Sunnyside Dreams Farm: A Legacy of Love, Land, and Liberation

How one Wisconsin flower farmer is honoring her grandparents’ legacy while building a movement for rural women in agriculture

There’s something about inheriting a legacy that changes you. Not the kind that comes in a mahogany box with silverware you’ll never use, but the kind that lives in your bones — the kind that whispers to you in the early morning fog and shows up in the way you touch the earth.

My grandparents built Sunnyside Hatcheries with their bare hands and an unshakeable belief in what the land could provide. It wasn’t just a business to them. It was a love letter to freedom, to each other, and to a life lived on their own terms. They understood something profound: that stewarding the land and building a legacy weren’t separate pursuits — they were the same sacred work.

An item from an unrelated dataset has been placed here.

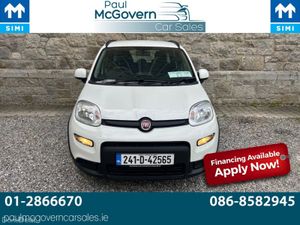 Fiat Panda 1.0 MHEV**//**€200 ROAD TAX**//**LOW IN - Image 4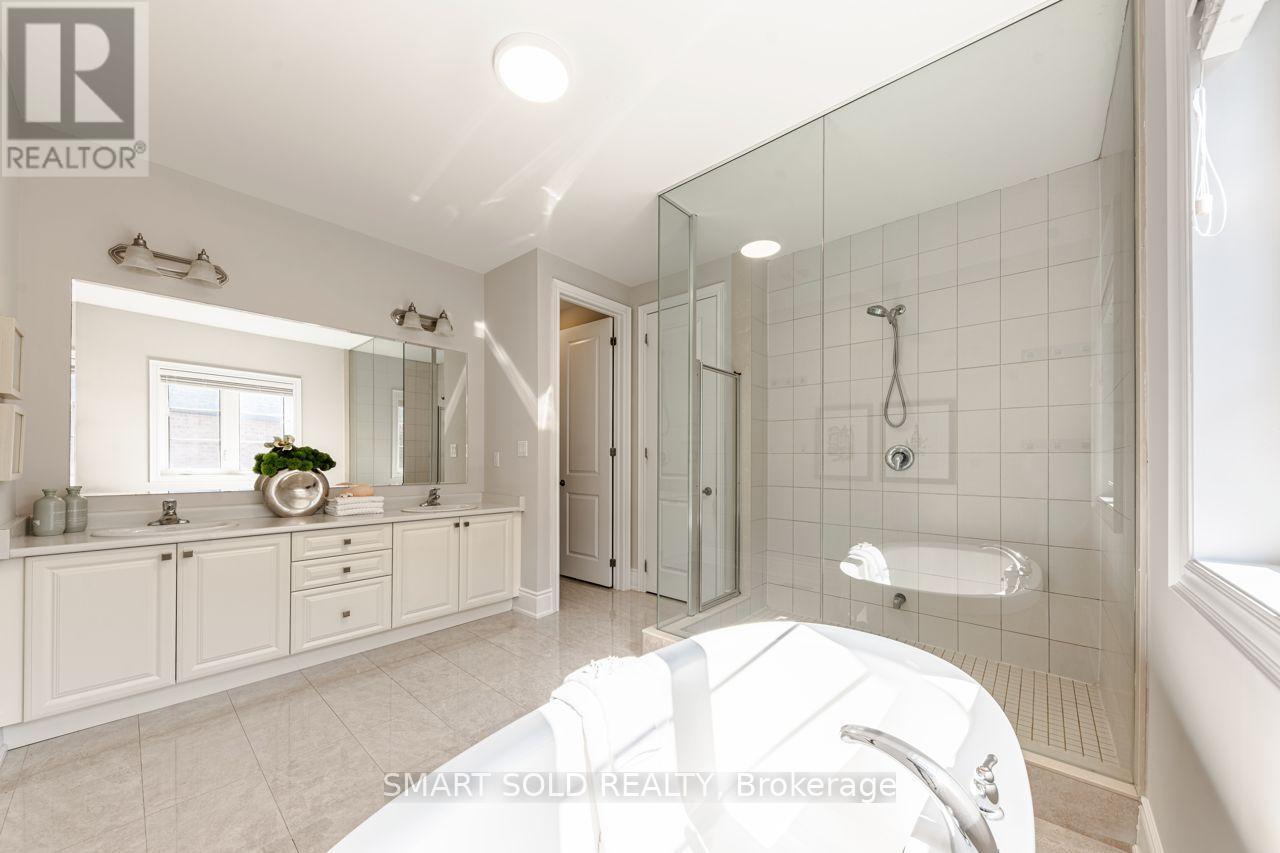 259 Stormont Trail, Vaughan, Ontario  L4H 4P6 - Photo 22 - N13681434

Though they’ve passed on, their presence saturates every inch of Sunnyside Dreams Farm. I see them in the sunrise that paints my Wisconsin fields gold each morning. I feel them when I’m knee-deep in dirt, having full conversations with myself about why I chose this life. And I hear them in those perfect moments when a monarch appears out of nowhere, reminding me exactly why I’m here.

From Hatcheries to Healing

When I named this place Sunnyside Dreams Farm, I wasn’t just paying tribute to Sunnyside Hatcheries. I was making a promise — that their legacy would continue to grow, evolve, and transform. That it would live not in some dusty photo album, but in the Loganville, Wisconsin soil, in every intentionally planted seed, and in every person who walks through these flower fields and feels something shift inside them.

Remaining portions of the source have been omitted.